Activity | Please retype all the records below exactly as they read.

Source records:
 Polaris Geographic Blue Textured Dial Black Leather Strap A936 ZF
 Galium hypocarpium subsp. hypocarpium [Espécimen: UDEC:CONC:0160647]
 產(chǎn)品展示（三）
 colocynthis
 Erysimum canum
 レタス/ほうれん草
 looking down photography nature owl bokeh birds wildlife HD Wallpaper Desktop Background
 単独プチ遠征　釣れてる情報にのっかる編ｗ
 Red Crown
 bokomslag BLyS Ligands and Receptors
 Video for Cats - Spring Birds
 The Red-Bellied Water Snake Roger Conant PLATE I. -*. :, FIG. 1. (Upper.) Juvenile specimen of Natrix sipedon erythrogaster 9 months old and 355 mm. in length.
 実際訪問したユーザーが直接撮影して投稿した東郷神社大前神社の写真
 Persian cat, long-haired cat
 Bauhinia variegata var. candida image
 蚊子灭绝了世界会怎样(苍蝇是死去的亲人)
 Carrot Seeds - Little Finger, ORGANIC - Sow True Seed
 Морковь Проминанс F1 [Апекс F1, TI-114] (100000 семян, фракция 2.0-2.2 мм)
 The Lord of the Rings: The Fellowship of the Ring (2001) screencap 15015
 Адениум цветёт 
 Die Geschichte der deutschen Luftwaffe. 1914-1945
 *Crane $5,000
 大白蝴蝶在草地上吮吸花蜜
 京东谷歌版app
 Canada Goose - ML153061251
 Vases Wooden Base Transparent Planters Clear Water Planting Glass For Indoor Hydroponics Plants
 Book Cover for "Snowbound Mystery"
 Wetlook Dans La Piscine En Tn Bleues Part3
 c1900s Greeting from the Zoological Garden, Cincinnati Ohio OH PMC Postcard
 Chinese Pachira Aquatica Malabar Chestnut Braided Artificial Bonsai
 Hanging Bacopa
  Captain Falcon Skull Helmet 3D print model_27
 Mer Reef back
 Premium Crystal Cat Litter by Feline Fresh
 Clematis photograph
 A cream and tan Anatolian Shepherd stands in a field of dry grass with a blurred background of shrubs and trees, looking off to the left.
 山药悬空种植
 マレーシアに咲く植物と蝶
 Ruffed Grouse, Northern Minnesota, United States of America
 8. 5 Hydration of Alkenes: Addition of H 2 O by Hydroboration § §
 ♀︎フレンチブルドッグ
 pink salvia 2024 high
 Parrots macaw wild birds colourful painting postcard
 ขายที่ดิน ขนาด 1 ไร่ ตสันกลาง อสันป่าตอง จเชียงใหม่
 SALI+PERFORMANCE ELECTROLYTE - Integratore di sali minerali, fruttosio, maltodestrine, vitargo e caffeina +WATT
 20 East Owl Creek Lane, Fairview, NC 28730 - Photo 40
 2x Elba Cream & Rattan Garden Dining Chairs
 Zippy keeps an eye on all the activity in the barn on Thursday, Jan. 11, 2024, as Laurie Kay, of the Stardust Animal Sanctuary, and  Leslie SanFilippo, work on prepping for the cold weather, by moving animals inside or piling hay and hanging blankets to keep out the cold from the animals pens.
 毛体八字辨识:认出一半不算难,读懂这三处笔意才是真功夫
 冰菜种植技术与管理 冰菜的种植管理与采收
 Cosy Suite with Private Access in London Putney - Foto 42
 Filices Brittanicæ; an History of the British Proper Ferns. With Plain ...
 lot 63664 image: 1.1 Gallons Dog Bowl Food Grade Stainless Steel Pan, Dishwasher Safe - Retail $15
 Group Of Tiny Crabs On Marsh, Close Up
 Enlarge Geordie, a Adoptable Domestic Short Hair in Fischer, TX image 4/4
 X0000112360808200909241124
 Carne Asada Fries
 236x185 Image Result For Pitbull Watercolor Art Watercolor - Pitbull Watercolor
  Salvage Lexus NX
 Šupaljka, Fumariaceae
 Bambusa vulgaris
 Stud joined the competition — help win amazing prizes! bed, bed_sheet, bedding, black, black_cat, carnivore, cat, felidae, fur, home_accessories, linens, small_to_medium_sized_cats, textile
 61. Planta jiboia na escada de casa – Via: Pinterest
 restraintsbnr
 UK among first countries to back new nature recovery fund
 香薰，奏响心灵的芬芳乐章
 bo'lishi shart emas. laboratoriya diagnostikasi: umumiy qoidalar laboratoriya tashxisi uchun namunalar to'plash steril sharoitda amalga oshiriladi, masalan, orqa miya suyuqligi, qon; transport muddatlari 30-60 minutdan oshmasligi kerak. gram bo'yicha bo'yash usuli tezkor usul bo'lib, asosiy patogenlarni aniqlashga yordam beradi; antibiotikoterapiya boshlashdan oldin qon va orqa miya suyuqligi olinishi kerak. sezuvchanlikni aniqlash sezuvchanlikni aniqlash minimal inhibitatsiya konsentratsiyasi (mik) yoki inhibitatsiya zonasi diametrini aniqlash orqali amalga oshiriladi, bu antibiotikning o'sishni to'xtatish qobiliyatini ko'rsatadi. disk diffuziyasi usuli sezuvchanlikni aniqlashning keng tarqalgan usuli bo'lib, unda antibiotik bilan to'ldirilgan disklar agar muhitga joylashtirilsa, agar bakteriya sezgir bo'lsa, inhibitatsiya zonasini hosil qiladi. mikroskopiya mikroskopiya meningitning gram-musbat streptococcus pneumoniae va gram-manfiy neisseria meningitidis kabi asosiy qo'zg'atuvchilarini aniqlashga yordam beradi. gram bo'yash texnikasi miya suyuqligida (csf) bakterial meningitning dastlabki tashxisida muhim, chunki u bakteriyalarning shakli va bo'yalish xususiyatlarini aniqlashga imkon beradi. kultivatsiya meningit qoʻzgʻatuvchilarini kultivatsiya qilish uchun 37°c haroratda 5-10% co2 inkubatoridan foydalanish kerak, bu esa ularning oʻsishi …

Task solution |
 Polaris Geographic Blue Textured Dial Black Leather Strap A936 ZF
 Galium hypocarpium subsp. hypocarpium [Espécimen: UDEC:CONC:0160647]
 產(chǎn)品展示（三）
 colocynthis
 Erysimum canum
 レタス/ほうれん草
 looking down photography nature owl bokeh birds wildlife HD Wallpaper Desktop Background
 単独プチ遠征　釣れてる情報にのっかる編ｗ
 Red Crown
 bokomslag BLyS Ligands and Receptors
 Video for Cats - Spring Birds
 The Red-Bellied Water Snake Roger Conant PLATE I. -*. :, FIG. 1. (Upper.) Juvenile specimen of Natrix sipedon erythrogaster 9 months old and 355 mm. in length.
 実際訪問したユーザーが直接撮影して投稿した東郷神社大前神社の写真
 Persian cat, long-haired cat
 Bauhinia variegata var. candida image
 蚊子灭绝了世界会怎样(苍蝇是死去的亲人)
 Carrot Seeds - Little Finger, ORGANIC - Sow True Seed
 Морковь Проминанс F1 [Апекс F1, TI-114] (100000 семян, фракция 2.0-2.2 мм)
 The Lord of the Rings: The Fellowship of the Ring (2001) screencap 15015
 Адениум цветёт 
 Die Geschichte der deutschen Luftwaffe. 1914-1945
 *Crane $5,000
 大白蝴蝶在草地上吮吸花蜜
 京东谷歌版app
 Canada Goose - ML153061251
 Vases Wooden Base Transparent Planters Clear Water Planting Glass For Indoor Hydroponics Plants
 Book Cover for "Snowbound Mystery"
 Wetlook Dans La Piscine En Tn Bleues Part3
 c1900s Greeting from the Zoological Garden, Cincinnati Ohio OH PMC Postcard
 Chinese Pachira Aquatica Malabar Chestnut Braided Artificial Bonsai
 Hanging Bacopa
  Captain Falcon Skull Helmet 3D print model_27
 Mer Reef back
 Premium Crystal Cat Litter by Feline Fresh
 Clematis photograph
 A cream and tan Anatolian Shepherd stands in a field of dry grass with a blurred background of shrubs and trees, looking off to the left.
 山药悬空种植
 マレーシアに咲く植物と蝶
 Ruffed Grouse, Northern Minnesota, United States of America
 8. 5 Hydration of Alkenes: Addition of H 2 O by Hydroboration § §
 ♀︎フレンチブルドッグ
 pink salvia 2024 high
 Parrots macaw wild birds colourful painting postcard
 ขายที่ดิน ขนาด 1 ไร่ ตสันกลาง อสันป่าตอง จเชียงใหม่
 SALI+PERFORMANCE ELECTROLYTE - Integratore di sali minerali, fruttosio, maltodestrine, vitargo e caffeina +WATT
 20 East Owl Creek Lane, Fairview, NC 28730 - Photo 40
 2x Elba Cream & Rattan Garden Dining Chairs
 Zippy keeps an eye on all the activity in the barn on Thursday, Jan. 11, 2024, as Laurie Kay, of the Stardust Animal Sanctuary, and  Leslie SanFilippo, work on prepping for the cold weather, by moving animals inside or piling hay and hanging blankets to keep out the cold from the animals pens.
 毛体八字辨识:认出一半不算难,读懂这三处笔意才是真功夫
 冰菜种植技术与管理 冰菜的种植管理与采收
 Cosy Suite with Private Access in London Putney - Foto 42
 Filices Brittanicæ; an History of the British Proper Ferns. With Plain ...
 lot 63664 image: 1.1 Gallons Dog Bowl Food Grade Stainless Steel Pan, Dishwasher Safe - Retail $15
 Group Of Tiny Crabs On Marsh, Close Up
 Enlarge Geordie, a Adoptable Domestic Short Hair in Fischer, TX image 4/4
 X0000112360808200909241124
 Carne Asada Fries
 236x185 Image Result For Pitbull Watercolor Art Watercolor - Pitbull Watercolor
  Salvage Lexus NX
 Šupaljka, Fumariaceae
 Bambusa vulgaris
 Stud joined the competition — help win amazing prizes! bed, bed_sheet, bedding, black, black_cat, carnivore, cat, felidae, fur, home_accessories, linens, small_to_medium_sized_cats, textile
 61. Planta jiboia na escada de casa – Via: Pinterest
 restraintsbnr
 UK among first countries to back new nature recovery fund
 香薰，奏响心灵的芬芳乐章
 bo'lishi shart emas. laboratoriya diagnostikasi: umumiy qoidalar laboratoriya tashxisi uchun namunalar to'plash steril sharoitda amalga oshiriladi, masalan, orqa miya suyuqligi, qon; transport muddatlari 30-60 minutdan oshmasligi kerak. gram bo'yicha bo'yash usuli tezkor usul bo'lib, asosiy patogenlarni aniqlashga yordam beradi; antibiotikoterapiya boshlashdan oldin qon va orqa miya suyuqligi olinishi kerak. sezuvchanlikni aniqlash sezuvchanlikni aniqlash minimal inhibitatsiya konsentratsiyasi (mik) yoki inhibitatsiya zonasi diametrini aniqlash orqali amalga oshiriladi, bu antibiotikning o'sishni to'xtatish qobiliyatini ko'rsatadi. disk diffuziyasi usuli sezuvchanlikni aniqlashning keng tarqalgan usuli bo'lib, unda antibiotik bilan to'ldirilgan disklar agar muhitga joylashtirilsa, agar bakteriya sezgir bo'lsa, inhibitatsiya zonasini hosil qiladi. mikroskopiya mikroskopiya meningitning gram-musbat streptococcus pneumoniae va gram-manfiy neisseria meningitidis kabi asosiy qo'zg'atuvchilarini aniqlashga yordam beradi. gram bo'yash texnikasi miya suyuqligida (csf) bakterial meningitning dastlabki tashxisida muhim, chunki u bakteriyalarning shakli va bo'yalish xususiyatlarini aniqlashga imkon beradi. kultivatsiya meningit qoʻzgʻatuvchilarini kultivatsiya qilish uchun 37°c haroratda 5-10% co2 inkubatoridan foydalanish kerak, bu esa ularning oʻsishi …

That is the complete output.